Experiments in Filter Cleaning.

The author refers to the difficulty encountered during the first two summers in keeping the filters cleaned fast enough to maintain the capacity of the plant. The real seriousness of this may be judged from the following facts. The average increase in loss of head on all the filters for the entire year, July 1st, 1906, to July 1st, 1907, was about 0.053 ft. per day. During the 1906 period of low capacity under discussion, the loss of head on twelve of the filters increased for a period of eight days at the average rate of 0.45 ft. per day, or about nine times the normal rate of increase. This difficulty was caused by the presence of large numbers of micro‑organisms in the applied water.
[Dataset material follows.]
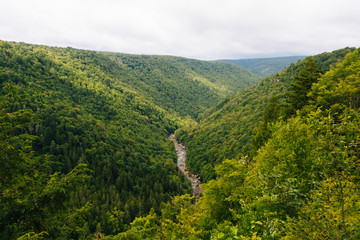 View from Pendleton Point, in Blackwater Falls State Park, West Virginia.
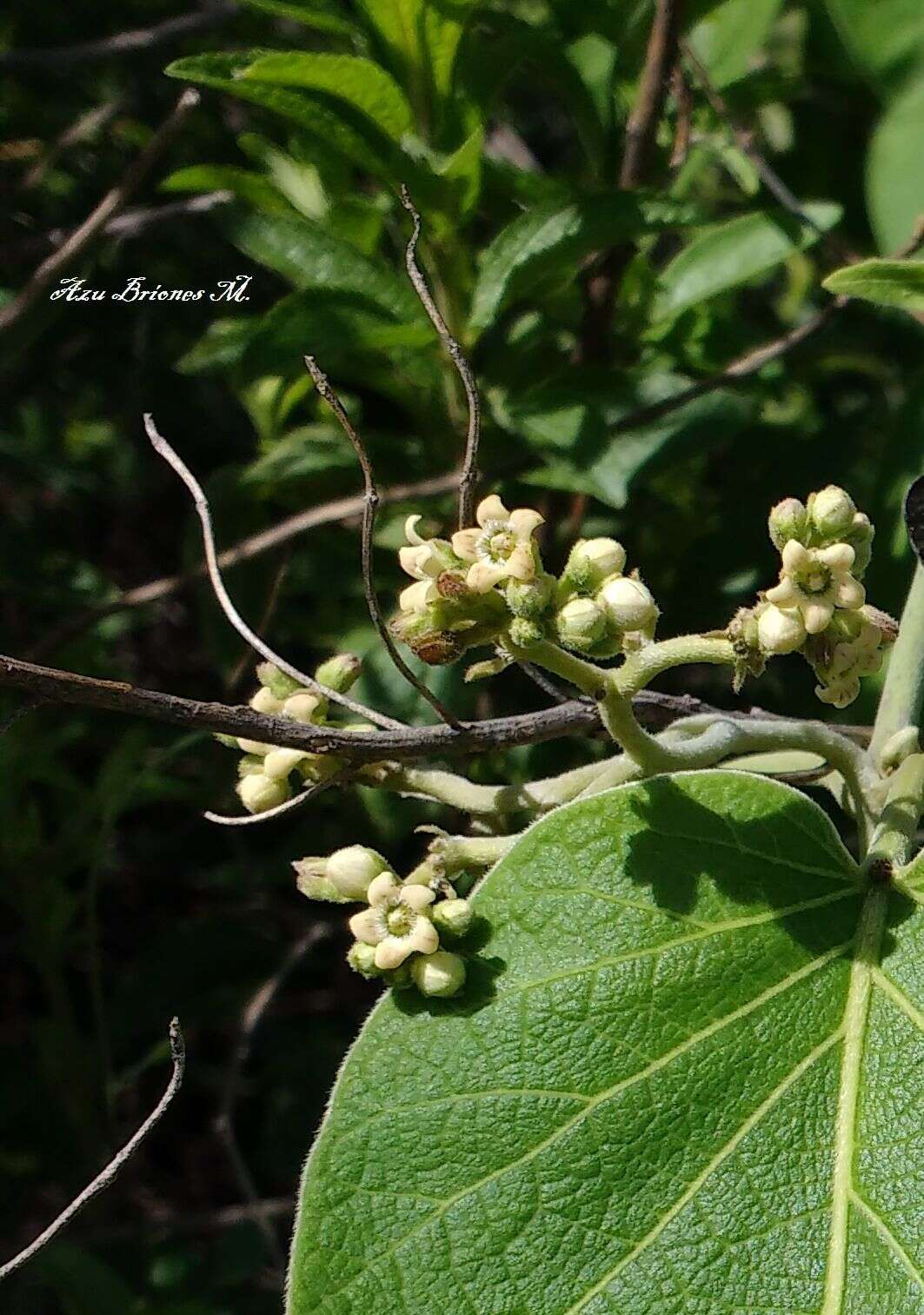 صورة Marsdenia mexicana Decne.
During the first summer (1906) this fact was not recognized, but the sudden decrease in capacity was supposed to have been caused by the unusually high and long‑continued turbidity which prevailed during that summer in the Potomac River, and persisted in the water supplied to the filters even after about four days of sedimentation in the reservoirs. During the second summer (1907) the same phenomenon of suddenly and rapidly increasing losses of head appeared again, but without any unusual turbidity in the applied water. Investigation, however, showed the presence of large quantities of organisms, particularly melosira and synedra, in the applied water, and examinations in subsequent years have shown a periodic recurrence of these forms in quantities sufficient to cause the trouble mentioned. In June, 1907, examination showed repeatedly more than 1,000 and 1,500 standard units of melosira per cu. cm., and one count showed nearly 3,000 standard units.

Several expedients were tried in an effort to restore the rapidly decreasing capacity of the filters. One of the earlier conjectures as to the cause of the trouble was that it might be due to the accumulation of large quantities of air under the surface of the sand, as air had been observed bubbling up through the sand, especially in filters which had been in service for some time. The expedient was tried, therefore, of draining the water out of the sand and then re‑filling the filter in the usual manner from below, in the hope of driving out the entrained air. Presumably this treatment got rid of the air, but it did not restore the capacity of the filter, as the point of maximum resistance was in the surface of the sand and not below it.

As the author states, raking the filters was tried and found to give results which were satisfactory enough to meet the emergencies already referred to. When the filters were first put in operation, in the fall of 1905, the method of bringing back the capacity of a filter after the end of a run was to remove all the dirty sand to a depth determined by the marked discoloration caused by the penetration of the clay turbidity. This sometimes necessitated the removal of large quantities of sand at a cleaning, as the turbidity was exceedingly fine, and penetrated at times to a depth of 3 or 4 in.

With the idea of effecting an economy in the cost of cleaning the filters, a schedule of experiments was arranged shortly before July 1st, 1907. The general object of the experiments was to determine, first, the relative costs of all different methods tried; second, whether the removal of only a thin layer of sand, or the mere breaking up of the surface of the sand by thorough raking, would give the filter its proper capacity for the succeeding run; third, whether the filters under these treatments would maintain a high standard of quality in the effluents; fourth, whether the continued application of any less thorough method than the one then in use might materially affect the future capacity of the filters.